• What you should do
Extract the lines of the material below, beginning with the first and ending with the line that holds "That concludes the". Skip every picture.

------ Supplied entries

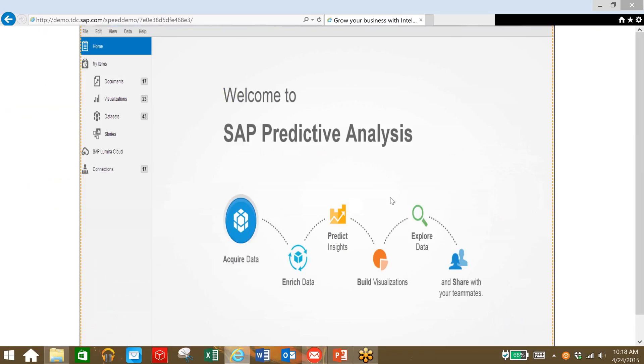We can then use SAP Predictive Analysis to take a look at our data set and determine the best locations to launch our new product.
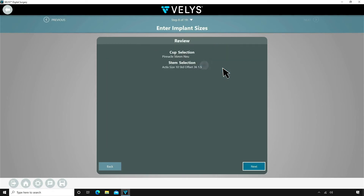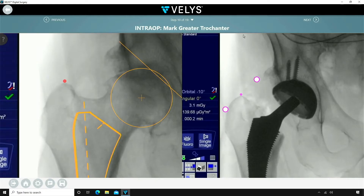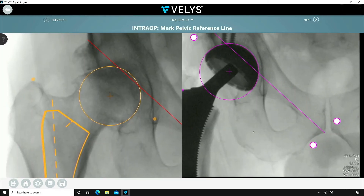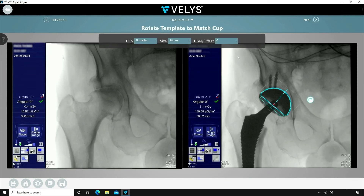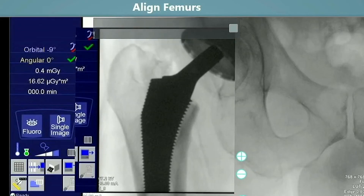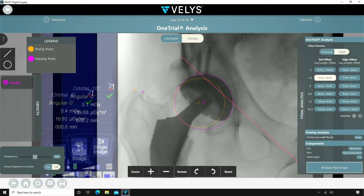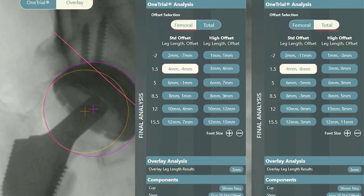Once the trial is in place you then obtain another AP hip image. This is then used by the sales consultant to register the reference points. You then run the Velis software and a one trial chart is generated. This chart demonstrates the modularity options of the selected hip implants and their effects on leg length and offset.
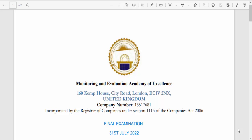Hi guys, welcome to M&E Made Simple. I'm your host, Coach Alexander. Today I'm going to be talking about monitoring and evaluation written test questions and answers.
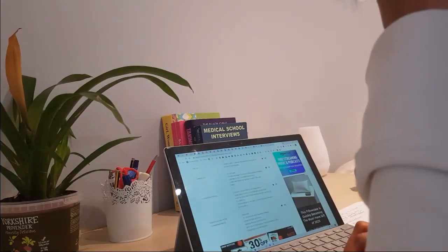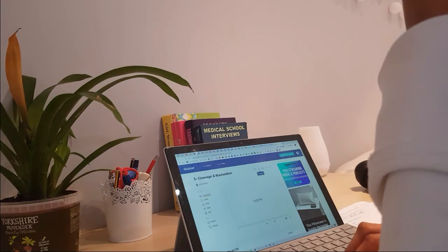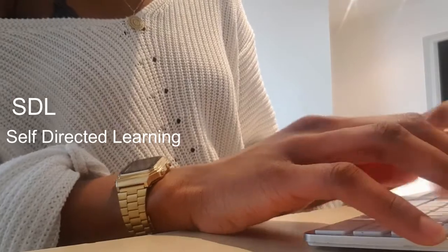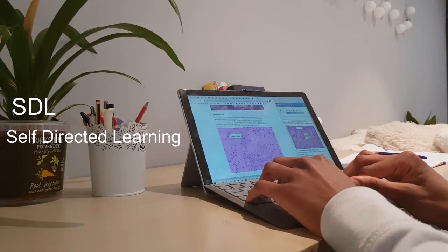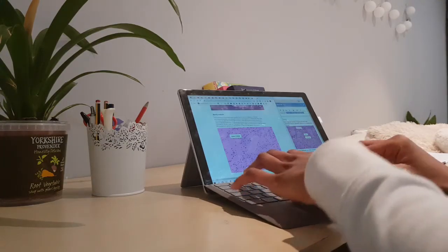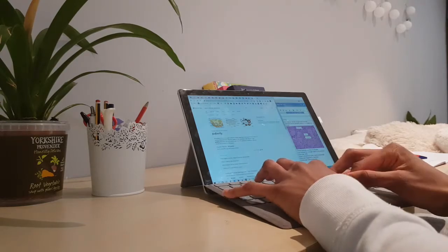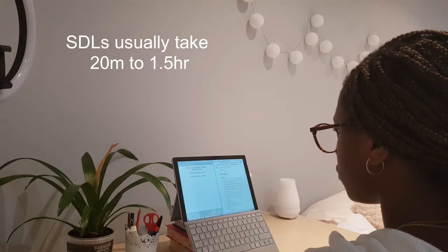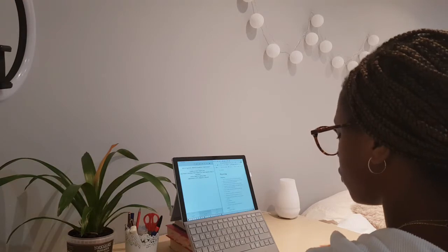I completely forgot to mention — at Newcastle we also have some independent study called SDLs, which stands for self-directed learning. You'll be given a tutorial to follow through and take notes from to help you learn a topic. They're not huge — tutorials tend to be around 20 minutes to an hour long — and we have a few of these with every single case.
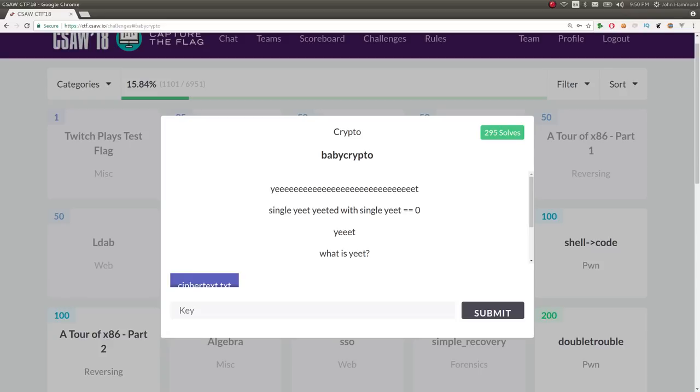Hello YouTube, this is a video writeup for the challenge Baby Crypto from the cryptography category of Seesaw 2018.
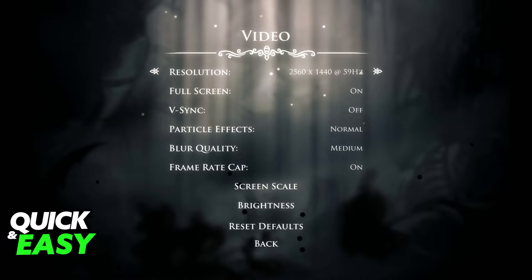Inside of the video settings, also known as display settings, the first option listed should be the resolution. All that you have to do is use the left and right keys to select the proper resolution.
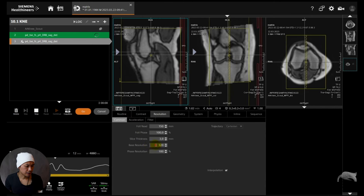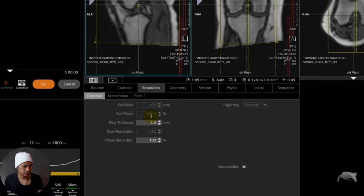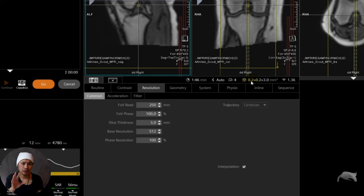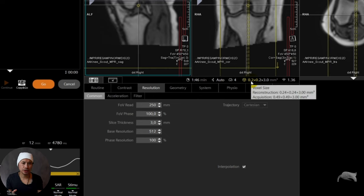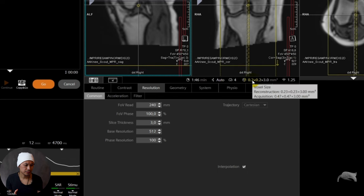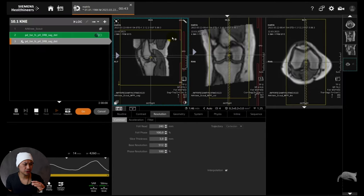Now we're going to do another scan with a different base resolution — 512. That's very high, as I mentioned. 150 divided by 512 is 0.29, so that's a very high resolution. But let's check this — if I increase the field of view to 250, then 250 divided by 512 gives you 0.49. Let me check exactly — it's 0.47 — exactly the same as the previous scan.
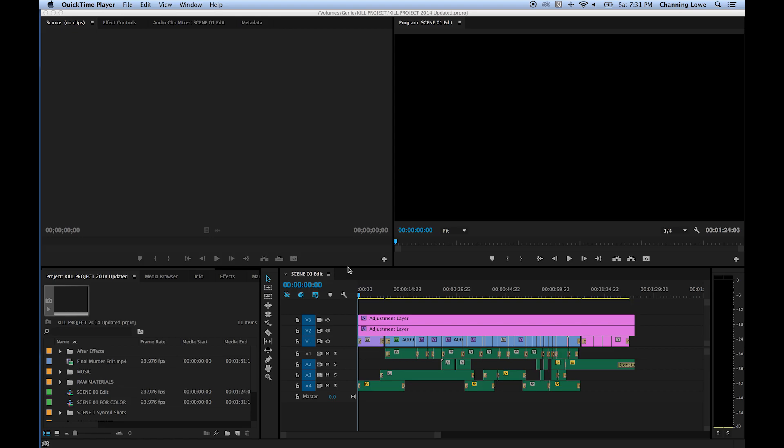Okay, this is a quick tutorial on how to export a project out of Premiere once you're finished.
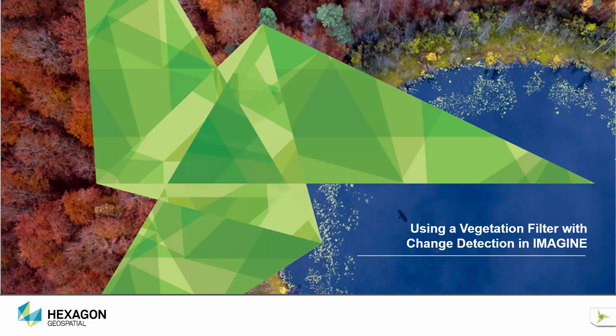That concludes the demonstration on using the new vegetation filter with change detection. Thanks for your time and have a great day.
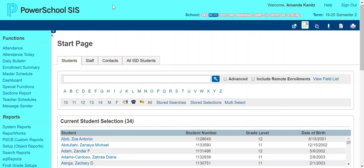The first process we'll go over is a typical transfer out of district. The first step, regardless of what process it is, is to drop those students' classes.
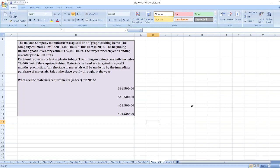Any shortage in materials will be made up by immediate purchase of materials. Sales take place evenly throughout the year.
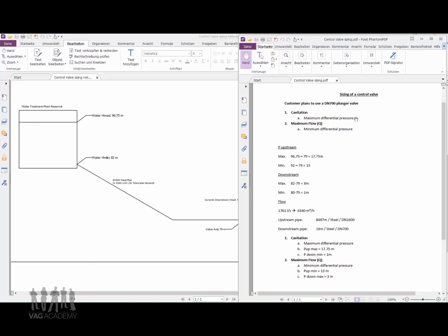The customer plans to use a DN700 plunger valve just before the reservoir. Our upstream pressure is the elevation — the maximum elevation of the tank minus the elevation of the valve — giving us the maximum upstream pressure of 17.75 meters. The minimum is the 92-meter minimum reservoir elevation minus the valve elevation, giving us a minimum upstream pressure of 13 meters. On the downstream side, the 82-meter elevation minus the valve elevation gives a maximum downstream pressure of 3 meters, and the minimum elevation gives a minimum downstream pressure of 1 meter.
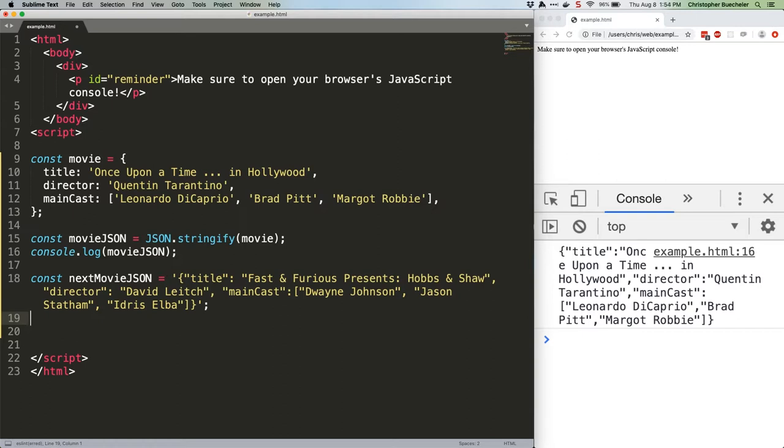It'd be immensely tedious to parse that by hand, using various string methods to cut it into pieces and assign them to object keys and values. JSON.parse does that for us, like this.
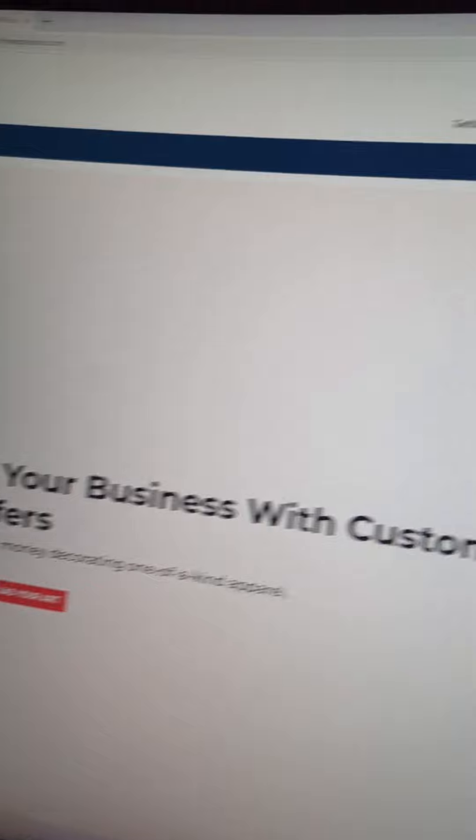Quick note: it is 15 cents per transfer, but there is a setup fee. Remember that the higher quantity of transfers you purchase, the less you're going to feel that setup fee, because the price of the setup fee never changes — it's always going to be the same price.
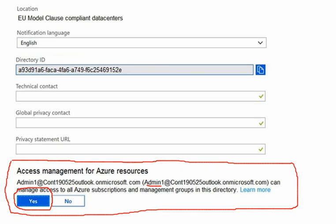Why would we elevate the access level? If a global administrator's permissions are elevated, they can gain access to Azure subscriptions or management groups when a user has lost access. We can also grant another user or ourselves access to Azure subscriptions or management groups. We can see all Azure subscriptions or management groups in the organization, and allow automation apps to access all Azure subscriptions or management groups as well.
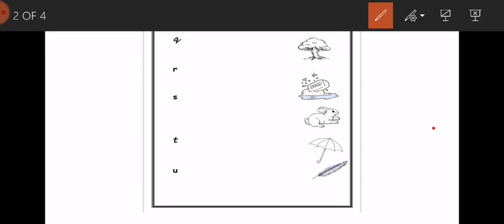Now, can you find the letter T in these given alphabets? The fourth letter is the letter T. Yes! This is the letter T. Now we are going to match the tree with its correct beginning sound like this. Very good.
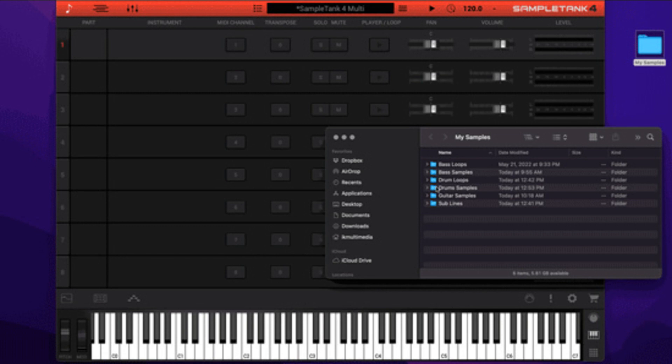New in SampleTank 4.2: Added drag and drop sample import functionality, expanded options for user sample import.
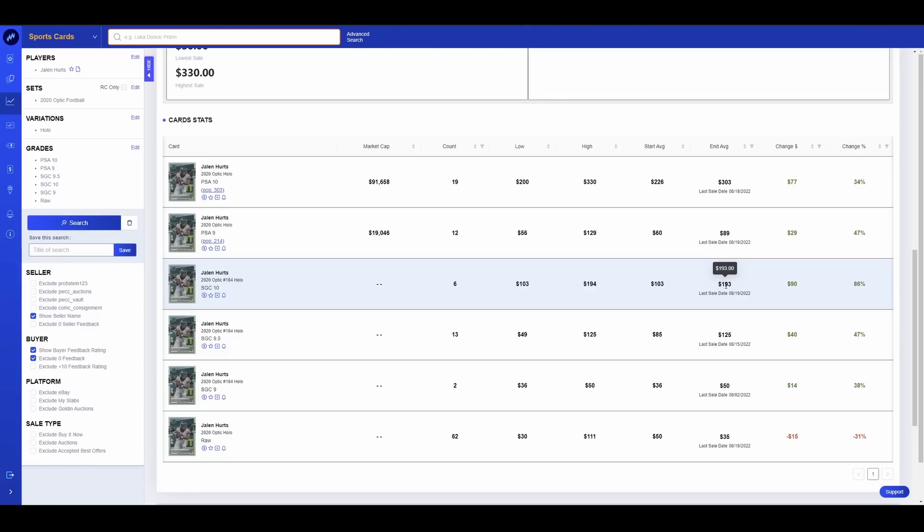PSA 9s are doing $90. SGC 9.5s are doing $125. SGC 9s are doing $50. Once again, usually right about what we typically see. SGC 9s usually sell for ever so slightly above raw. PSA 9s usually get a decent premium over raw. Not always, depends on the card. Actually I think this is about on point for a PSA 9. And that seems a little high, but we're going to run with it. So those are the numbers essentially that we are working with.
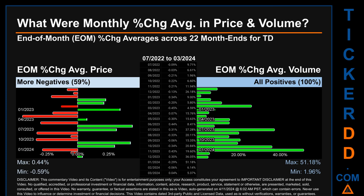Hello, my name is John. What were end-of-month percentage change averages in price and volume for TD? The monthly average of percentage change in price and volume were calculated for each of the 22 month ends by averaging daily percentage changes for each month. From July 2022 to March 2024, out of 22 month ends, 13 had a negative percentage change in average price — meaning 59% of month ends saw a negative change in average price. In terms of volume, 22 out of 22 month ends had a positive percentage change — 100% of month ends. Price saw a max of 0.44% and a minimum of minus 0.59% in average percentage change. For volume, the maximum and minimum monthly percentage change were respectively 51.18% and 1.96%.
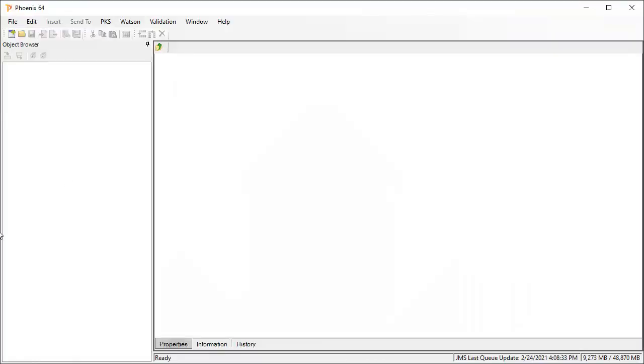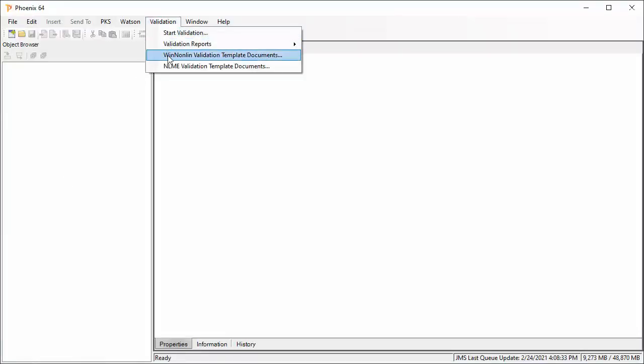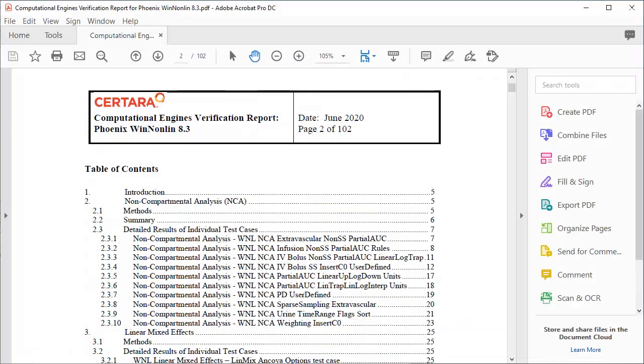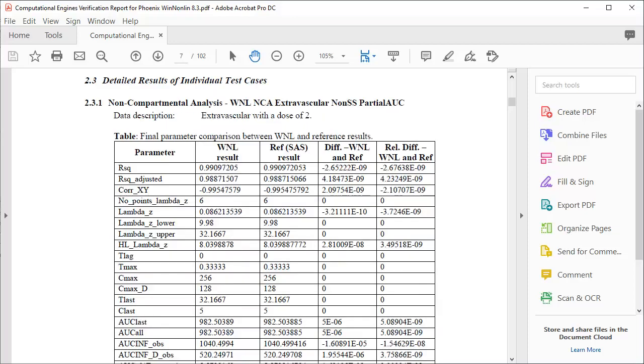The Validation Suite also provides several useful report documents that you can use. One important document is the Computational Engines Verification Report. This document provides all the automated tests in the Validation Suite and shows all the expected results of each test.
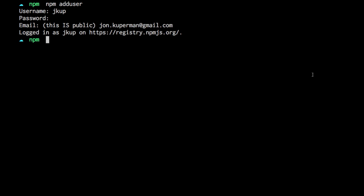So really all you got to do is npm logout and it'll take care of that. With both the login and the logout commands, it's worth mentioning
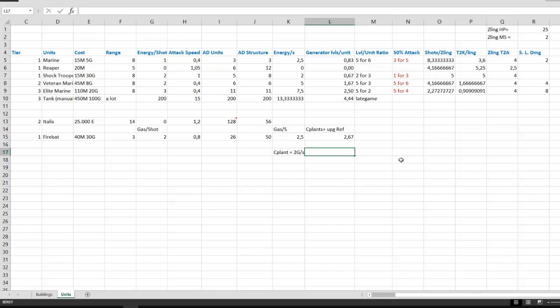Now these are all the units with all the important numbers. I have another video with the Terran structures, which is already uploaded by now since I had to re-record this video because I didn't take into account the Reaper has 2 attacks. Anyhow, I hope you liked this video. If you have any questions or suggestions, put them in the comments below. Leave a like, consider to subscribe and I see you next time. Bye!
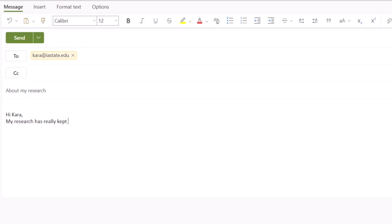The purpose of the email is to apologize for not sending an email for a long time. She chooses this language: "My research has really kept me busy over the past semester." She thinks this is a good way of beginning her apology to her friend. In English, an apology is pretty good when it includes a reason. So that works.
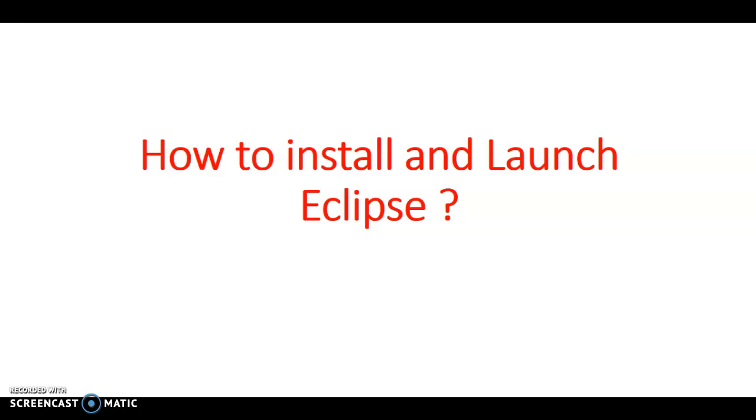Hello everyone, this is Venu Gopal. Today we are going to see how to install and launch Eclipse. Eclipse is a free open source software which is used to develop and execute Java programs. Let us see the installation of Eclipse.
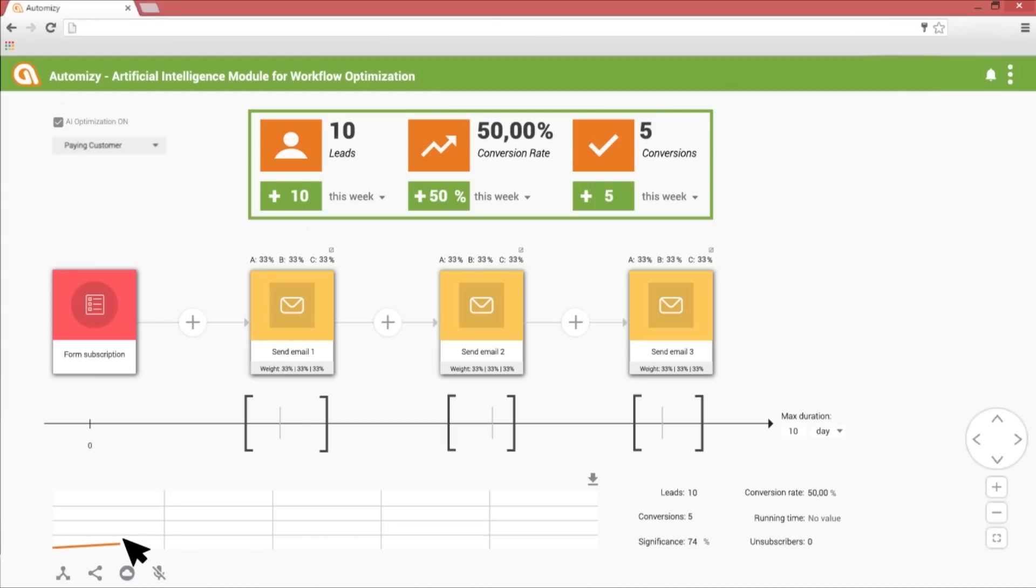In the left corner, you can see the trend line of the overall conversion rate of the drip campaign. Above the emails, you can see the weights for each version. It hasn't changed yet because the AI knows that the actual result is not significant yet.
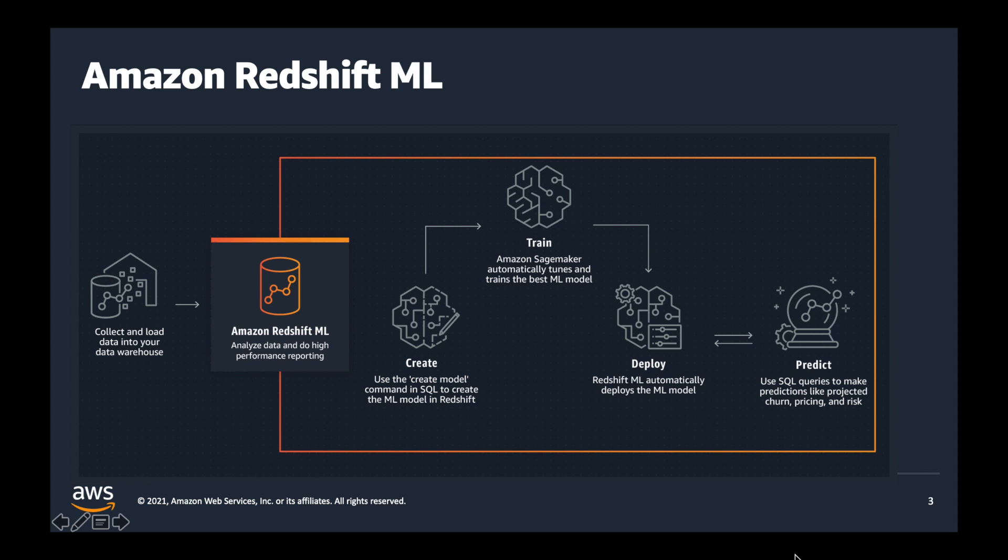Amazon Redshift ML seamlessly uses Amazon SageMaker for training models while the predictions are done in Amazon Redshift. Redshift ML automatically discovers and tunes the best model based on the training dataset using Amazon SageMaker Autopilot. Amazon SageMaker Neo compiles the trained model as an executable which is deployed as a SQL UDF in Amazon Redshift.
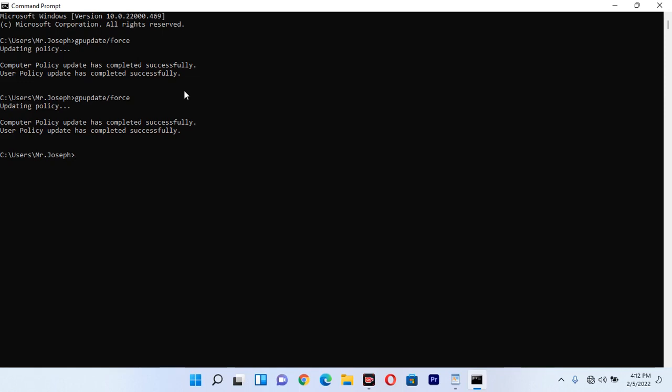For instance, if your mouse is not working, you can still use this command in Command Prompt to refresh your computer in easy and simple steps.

------------

• Your response
We can then use SAP Predictive Analysis to take a look at our data set and determine the best locations to launch our new product.
Once the trial is in place you then obtain another AP hip image. This is then used by the sales consultant to register the reference points. You then run the Velis software and a one trial chart is generated. This chart demonstrates the modularity options of the selected hip implants and their effects on leg length and offset.
Hi guys, welcome to M&E Made Simple. I'm your host, Coach Alexander. Today I'm going to be talking about monitoring and evaluation written test questions and answers.
I completely forgot to mention — at Newcastle we also have some independent study called SDLs, which stands for self-directed learning. You'll be given a tutorial to follow through and take notes from to help you learn a topic. They're not huge — tutorials tend to be around 20 minutes to an hour long — and we have a few of these with every single case.
Hello YouTube, this is a video writeup for the challenge Baby Crypto from the cryptography category of Seesaw 2018.
Inside of the video settings, also known as display settings, the first option listed should be the resolution. All that you have to do is use the left and right keys to select the proper resolution.
Now we're going to do another scan with a different base resolution — 512. That's very high, as I mentioned. 150 divided by 512 is 0.29, so that's a very high resolution. But let's check this — if I increase the field of view to 250, then 250 divided by 512 gives you 0.49. Let me check exactly — it's 0.47 — exactly the same as the previous scan.
Okay, this is a quick tutorial on how to export a project out of Premiere once you're finished.
That concludes the demonstration on using the new vegetation filter with change detection. Thanks for your time and have a great day.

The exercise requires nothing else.